For the generation of a diagnostic score, we assigned weights for each variable according to the OR estimates in the multiple logistic regression model. Accordingly, obesity, hyperlipidemia and fatty liver received 1 point each, making a maximal score of 3 points. The ROC for this score is 0.77 (OR 3.54, 95% CI 2.56–4.89, p < 0.0001) (Figure 1). Further analysis to assess the diagnostic performance of the score in terms of sensitivity and specificity, positive predictive value (PPV) and negative predictive value (NPV) revealed that a score of ≥2 was associated with a very high specificity and variable range of sensitivity, while a score of ≤ 1 was associated with a high sensitivity and excellent NPV (

Table 3. Predictive value of the scoring system.

	Score
Score performance	≤1	≥2
Sensitivity	94.7–100%	13.2–56.6
Specificity	42.8%	82.1–98.4
Positive predictive value	13.4–20.3%	35–56%
Negative predictive value	98.1%	88–92.4
Likelihood ratio [+]	1–1.66	3.16–8.1
Likelihood ratio [–]	0.12	0.53–0.88
Interpretation	Absence of FP [98.1% certainty]	Presence of FP [35–56% certainty]

).

7. Discussion

Although FP was shown previously to be an incidental and benign finding encountered on abdominal imaging studies [20], the clinical consequences of this condition have rarely been investigated and discussed among clinicians as its diagnosis was not routinely translated into clinical decision-making. To date, from the studies that have reported several disease associations with FP, none have tried to incorporate clinical parameters into a score that predicts the presence of FP. Herein, we generated a simple, easily available score with high accuracy based on the presence of three variables, including: obesity, hyperlipidemia and fatty liver with a good ROC of 0.77 and a very high specificity of 82.1–98.4%. Among patients with a score of 1, FP was absent in 98.1%, while among patients with a score of ≥2, FP was present in 35–56%.In fact, besides the incidental identification of patients with FP, this score enables clinicians to proactively identify and diagnose patients with FP, especially in the current era where data that report an association of FP with severe and life-threatening diseases are accumulating as demonstrated by recent studies [1,18]. In particular, this refers to the association of FP with pancreatic adenocarcinoma [20] and main-duct IPMN [18]. To summarize, this was the first time to show that incorporating several predictors of fatty pancreas in one score improves the probability of identifying this disorder. Similarly, incorporating multiple predictors in a score was shown to improve the probability of predicting common bile duct stone [21]. Therefore, our developed score built from modifiable variables opens the door to developing further accurate scores for FP in order to optimize the identification of patients with FP and to apply appropriate intervention.

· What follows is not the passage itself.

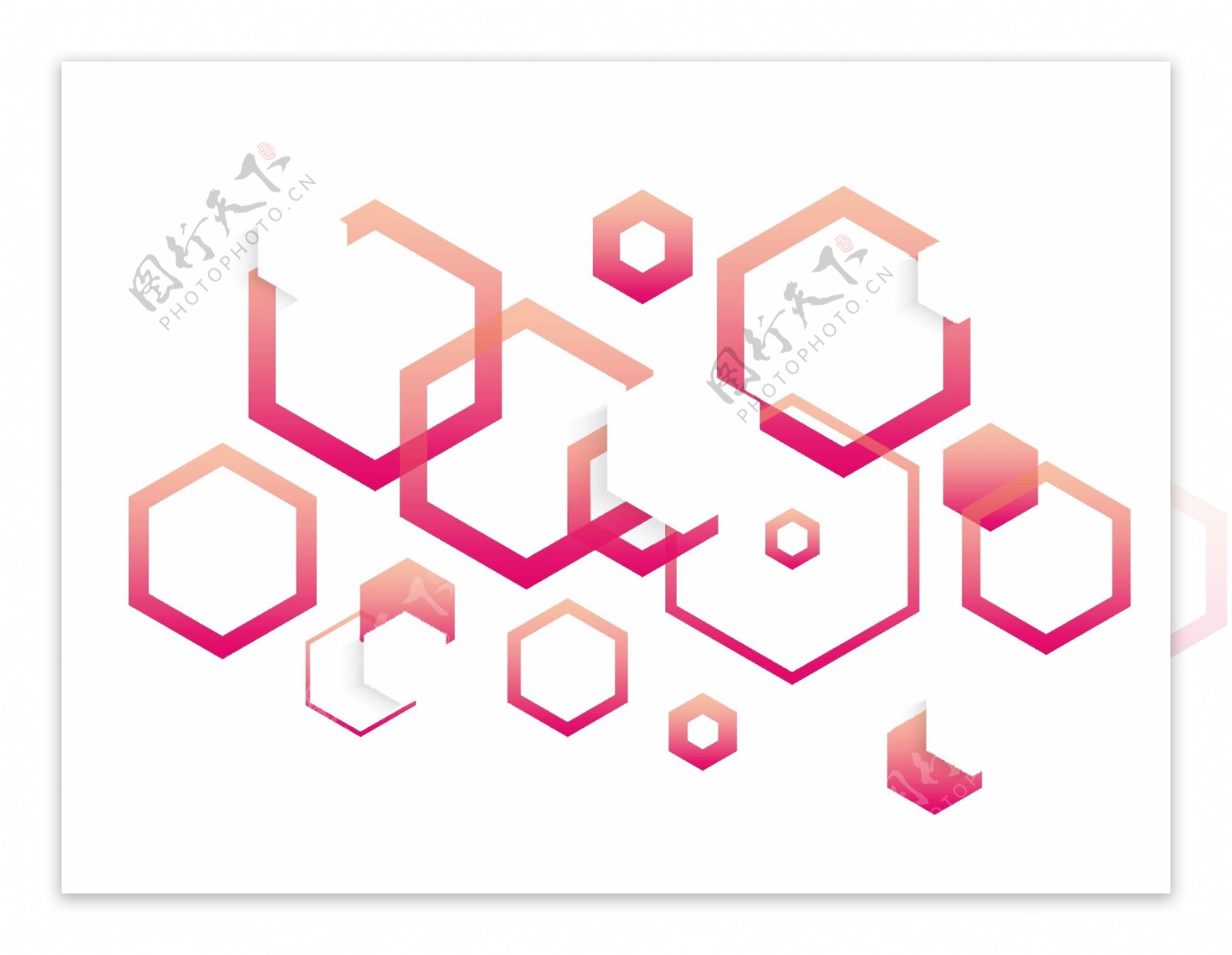 粉红色六角形几何元素现代抽象背景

Therefore, this work provides clinicians with a simple score for identifying FP presence, as its identification is of paramount importance for assignment of treatment and follow-up plan for this potentially reversible disorder.

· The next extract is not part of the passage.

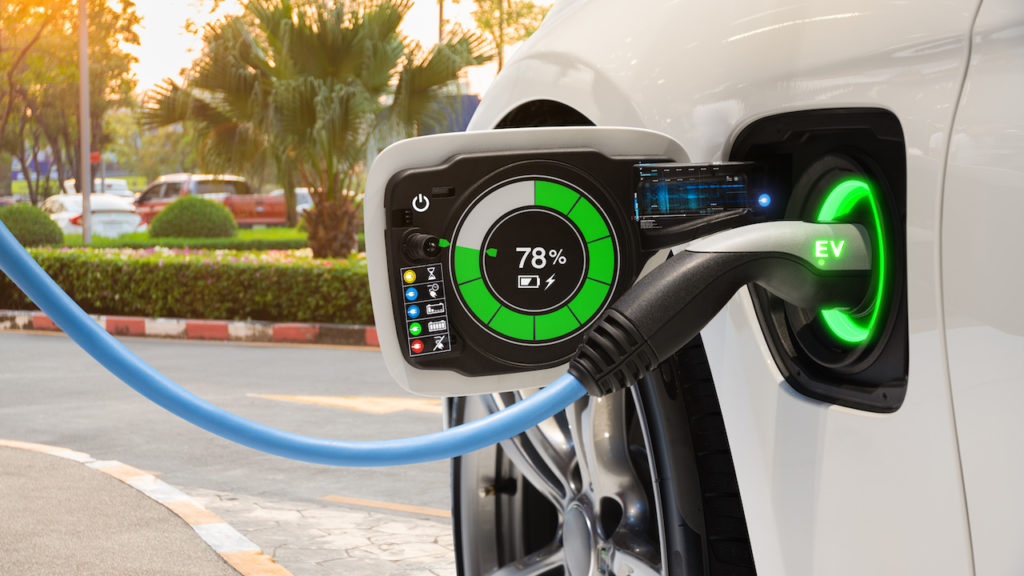 Electric vehicle charging on-street parking with graphical user interface, Future EV car concept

The limitations of this study its single-center nature and retrospective design and that we don’t have histological confirmation of pancreatic fatty infiltration; however, the straightforward endoscopic ultra-sonographic diagnosis of fatty pancreas as demonstrated by hyperechogenicity makes our diagnosis of FP reliable.

In conclusion, we have developed a scoring system for predicting the presence of FP. We recommend incorporating this score into clinical decision-making regarding the identification of such patients, especially as emerging evidence correlates FP to several pancreatic and extra-pancreatic diseases. Additional prospective studies should be performed to validate our findings and to better define the long-term consequences of FP.